二次製品は外観品質が命。荷卸後すぐにチッピング・クラック・スリ傷の有無を写真+チェックリストで相互確認。出荷時の受入検査票(メーカー)と、運搬側の積込写真・ラッシング写真、現場の荷卸写真を一連で紐付け、万一の責任分界を明確にします。
温度ひび割れが疑われる場合は音診・マーカーで進展を追跡。運搬起因の破損をゼロに近づける“データ文化”が信頼を育てます。️


6️⃣ 安全の“型”を持つ――KYT・TBM・ヒヤリハット

  • KYT(危険予知訓練):その日の荷姿・天候・路面で“想像力”を合わせる。

  • TBM(ツールボックスミーティング):玉掛け・合図者の指名、退避場所、荷の回転方向を15分で詰める。

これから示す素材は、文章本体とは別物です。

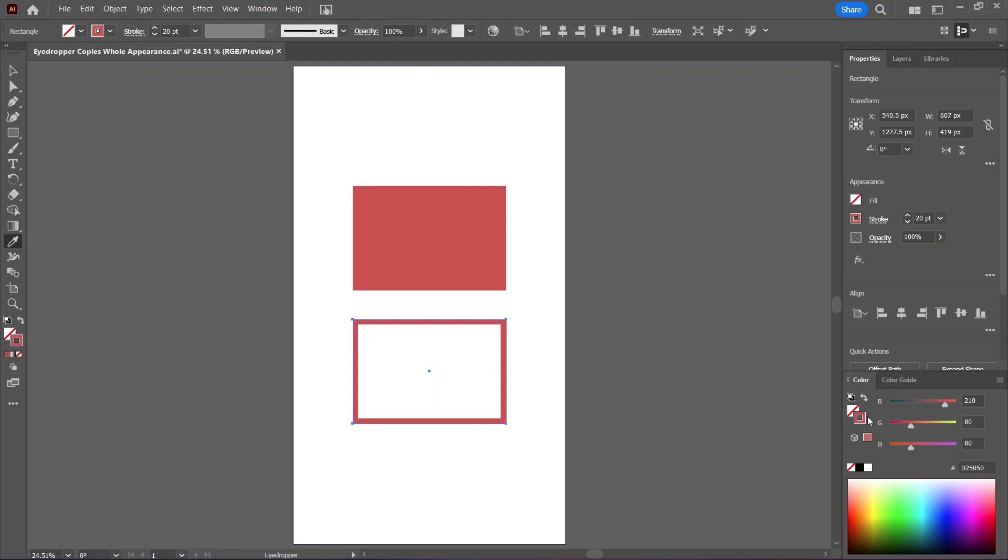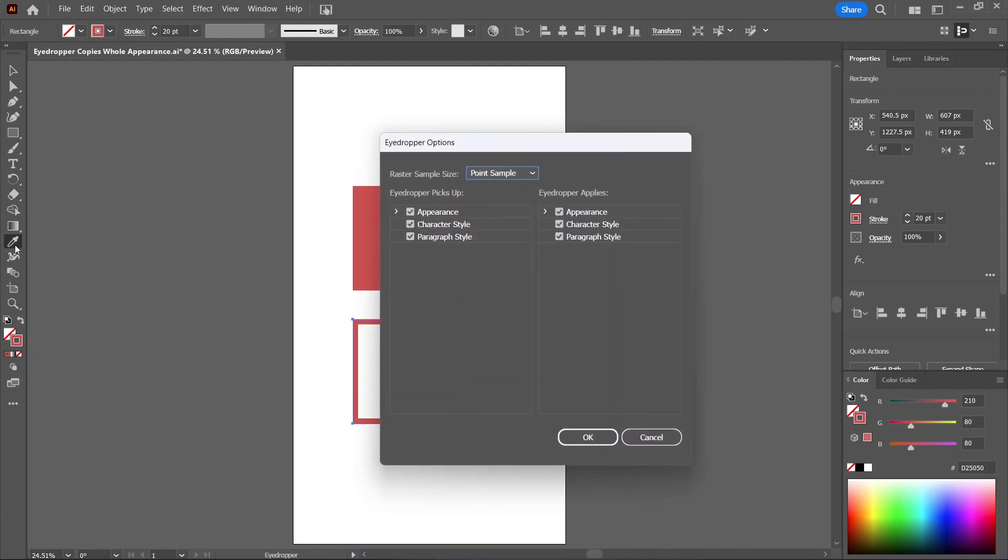Alternatively, you can double click on the eyedropper tool in the toolbar to open more options. Here you can control what the eyedropper picks up and what it applies. Duh!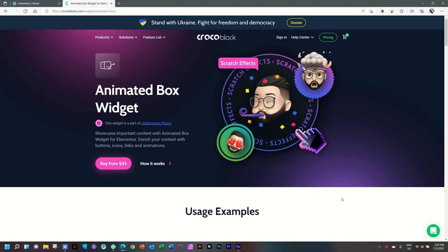The Animated Box widget from JetElements from CrocoBlock for Elementor Free and Pro gives you the opportunity to showcase important content. I call it a flip card. So you have one side, it flips to another side.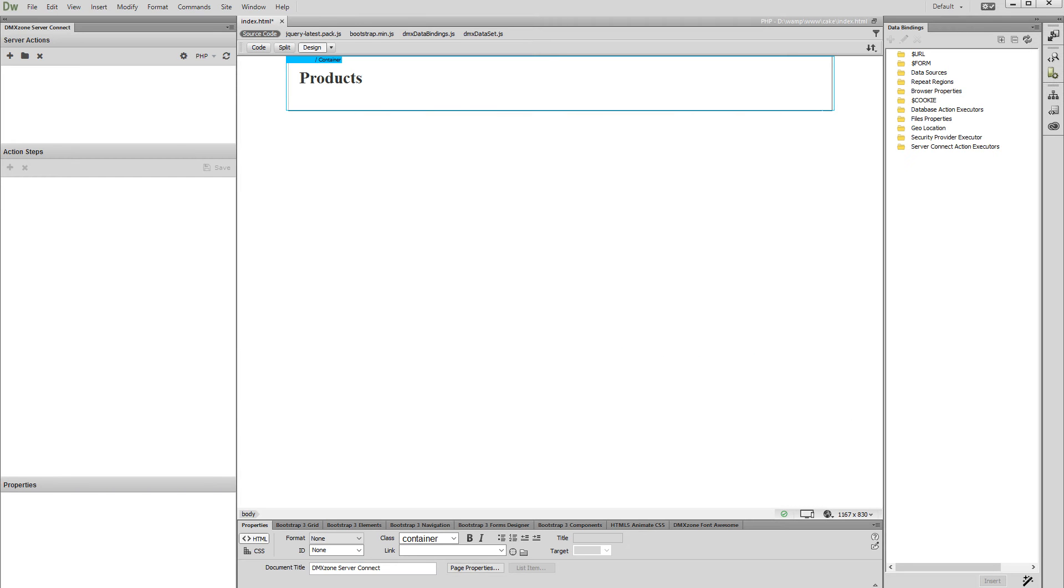Hi! With this movie we will show you how to connect to your database and then display the data from a database table on your page.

  • ヒヤリハット収集:角当ての滑落、ベルト緩み、クレーン旋回死角、誘導員の交代タイミングなど、起こる前提で事例を蓄積。

「無事故」は運ではない。習慣と記録の成果です。


7️⃣ 渋滞も“工程のうち”――ルート最適化と発着同調 ️

  • 時間帯回避:通勤ピークやスクールゾーンの迂回を事前に設計。

  • 高度計画:高さ制限(3.8m等)、重量制限(総重量・軸重)をGISでチェック。

  • 動的リスケ:現場の遅延を無線・チャットで即時共有し、次便の積込時刻をスライド

“待ちゼロ”は善だが、無理は禁物。休憩・健康・労働時間管理(改善基準告示)を守り、安全最優先を貫くことが、結局“工期短縮”に直結します。


8️⃣ 環境配慮は“静かな競争力”――燃費・騒音・資材 ♻️

  • アイドリングストップ定速走行で燃費改善。

  • 低騒音養生(ゴムマット・緩衝材)で近隣配慮。

  • 再生養生材の活用と角当てのリユース

  • 車両更新時はポスト新長期規制適合車/ハイブリッド・EV補助軸の検討。

環境配慮は“コスト増”ではなく、入札評価・地域信頼・人材採用の強力な武器です。


9️⃣ 人材こそ最大の資産――“強いドライバー”を育てる ‍♀️

  • 重量物講習/玉掛け/小型移動式クレーンの取得支援。

  • 同乗教育で積載バランス・ラッシングの“感覚”を継承。

  • 可視化マニュアル(写真・動画)とチェックシートで標準化。

  • 評価は安全と品質重視――“速さ”だけを称えない文化。

誇りを持てる現場は、辞めにくい。それが安定品質をつくります。


まとめ:重くて繊細な荷を、誠実に運ぶ。

コンクリート二次製品運搬業は、単なる“運送”ではありません。
計画で勝負を決め、積載で品質を守り、輸送で安全をつなぎ、荷卸で工程に貢献する。
一便一便の誠実さが、インフラの完成度を底上げします。